The trouble lies in the wording of the problem, which is only clarified after seeing the given answer.
Jack receives monthly allowance of \$10, \$50 or \$100 with equal probability.
Straight forward; the marginal distribution of the allowance is uniform over those values.$$\mathsf P(Y{=}k) ~=~ \tfrac 13\quad\Big[ k\in\{10,50,100\}\Big]$$
Jack puts part of the money into his savings box.

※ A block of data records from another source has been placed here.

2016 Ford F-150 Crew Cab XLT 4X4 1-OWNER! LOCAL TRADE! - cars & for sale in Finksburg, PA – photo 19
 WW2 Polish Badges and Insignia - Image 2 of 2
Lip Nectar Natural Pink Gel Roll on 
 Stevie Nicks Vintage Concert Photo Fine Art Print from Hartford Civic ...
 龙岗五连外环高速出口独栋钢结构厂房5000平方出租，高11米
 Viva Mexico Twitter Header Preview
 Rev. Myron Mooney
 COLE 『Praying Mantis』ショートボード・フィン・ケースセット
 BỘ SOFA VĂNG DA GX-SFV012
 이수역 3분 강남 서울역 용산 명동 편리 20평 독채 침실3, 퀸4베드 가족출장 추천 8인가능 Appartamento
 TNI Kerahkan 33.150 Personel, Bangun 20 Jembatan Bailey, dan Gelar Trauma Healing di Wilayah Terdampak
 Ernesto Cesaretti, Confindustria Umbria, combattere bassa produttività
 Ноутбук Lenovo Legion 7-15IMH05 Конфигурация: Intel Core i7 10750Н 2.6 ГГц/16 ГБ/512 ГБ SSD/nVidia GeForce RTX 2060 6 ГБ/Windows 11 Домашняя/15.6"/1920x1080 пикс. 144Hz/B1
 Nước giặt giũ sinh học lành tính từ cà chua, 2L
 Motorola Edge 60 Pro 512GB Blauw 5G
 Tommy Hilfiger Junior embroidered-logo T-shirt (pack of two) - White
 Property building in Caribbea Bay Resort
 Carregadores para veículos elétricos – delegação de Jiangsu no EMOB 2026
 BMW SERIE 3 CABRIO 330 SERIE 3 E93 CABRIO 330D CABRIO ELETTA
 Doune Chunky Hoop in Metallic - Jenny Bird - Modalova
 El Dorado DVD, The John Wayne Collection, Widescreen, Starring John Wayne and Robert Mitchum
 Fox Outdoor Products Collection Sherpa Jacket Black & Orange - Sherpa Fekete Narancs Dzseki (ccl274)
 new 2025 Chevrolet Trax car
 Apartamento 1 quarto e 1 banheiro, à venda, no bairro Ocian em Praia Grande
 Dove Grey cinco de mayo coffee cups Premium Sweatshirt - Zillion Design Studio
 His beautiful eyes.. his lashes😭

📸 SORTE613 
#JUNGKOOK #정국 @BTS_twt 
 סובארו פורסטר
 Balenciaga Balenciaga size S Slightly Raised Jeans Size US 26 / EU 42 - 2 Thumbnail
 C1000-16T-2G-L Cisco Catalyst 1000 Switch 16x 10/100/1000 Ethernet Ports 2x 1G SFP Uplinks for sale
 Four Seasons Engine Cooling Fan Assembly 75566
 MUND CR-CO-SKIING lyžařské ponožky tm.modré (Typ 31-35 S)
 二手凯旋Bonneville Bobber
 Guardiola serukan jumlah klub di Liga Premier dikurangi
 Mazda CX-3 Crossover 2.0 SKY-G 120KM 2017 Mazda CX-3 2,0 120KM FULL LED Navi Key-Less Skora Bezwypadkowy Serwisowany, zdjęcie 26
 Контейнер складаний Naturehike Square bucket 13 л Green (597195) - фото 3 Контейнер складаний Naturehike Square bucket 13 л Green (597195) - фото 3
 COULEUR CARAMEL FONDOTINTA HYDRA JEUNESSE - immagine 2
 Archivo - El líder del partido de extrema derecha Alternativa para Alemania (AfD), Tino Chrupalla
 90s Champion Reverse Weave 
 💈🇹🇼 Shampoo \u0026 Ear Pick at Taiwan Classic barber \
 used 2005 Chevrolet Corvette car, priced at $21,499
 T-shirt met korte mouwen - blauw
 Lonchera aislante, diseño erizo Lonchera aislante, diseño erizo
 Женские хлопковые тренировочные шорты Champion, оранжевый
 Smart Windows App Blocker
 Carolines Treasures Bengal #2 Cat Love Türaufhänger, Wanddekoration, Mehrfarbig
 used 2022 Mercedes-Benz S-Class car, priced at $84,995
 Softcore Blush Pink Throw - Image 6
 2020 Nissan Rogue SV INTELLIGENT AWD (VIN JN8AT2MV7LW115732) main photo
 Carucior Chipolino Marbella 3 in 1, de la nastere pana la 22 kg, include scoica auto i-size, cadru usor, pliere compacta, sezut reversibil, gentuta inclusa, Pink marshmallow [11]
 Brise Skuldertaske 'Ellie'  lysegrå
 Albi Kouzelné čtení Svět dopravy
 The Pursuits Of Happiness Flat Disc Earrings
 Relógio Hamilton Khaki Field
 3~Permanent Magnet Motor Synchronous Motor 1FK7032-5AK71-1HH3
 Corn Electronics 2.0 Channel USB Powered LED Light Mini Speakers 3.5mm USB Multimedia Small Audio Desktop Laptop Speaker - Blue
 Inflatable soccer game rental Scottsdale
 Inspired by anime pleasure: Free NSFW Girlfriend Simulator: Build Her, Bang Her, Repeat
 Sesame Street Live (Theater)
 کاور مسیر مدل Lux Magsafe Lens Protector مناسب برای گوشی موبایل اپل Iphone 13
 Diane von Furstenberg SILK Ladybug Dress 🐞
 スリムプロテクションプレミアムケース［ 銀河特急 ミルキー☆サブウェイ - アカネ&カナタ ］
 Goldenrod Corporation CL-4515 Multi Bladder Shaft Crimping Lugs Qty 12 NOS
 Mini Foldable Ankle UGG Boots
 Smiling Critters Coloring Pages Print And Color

Each month he puts \$1, \$5 or \$10 into the box with equal probability.
This is the marginal distribution of the savings. $$\mathsf P(X=k) ~=~ \tfrac 13\quad\Big[ k\in\{1,5,10\}\Big]$$
If he receives \$10 he doesn't put \$10 into the box. The probability that Jack will save tenth of the allowance is 2/3.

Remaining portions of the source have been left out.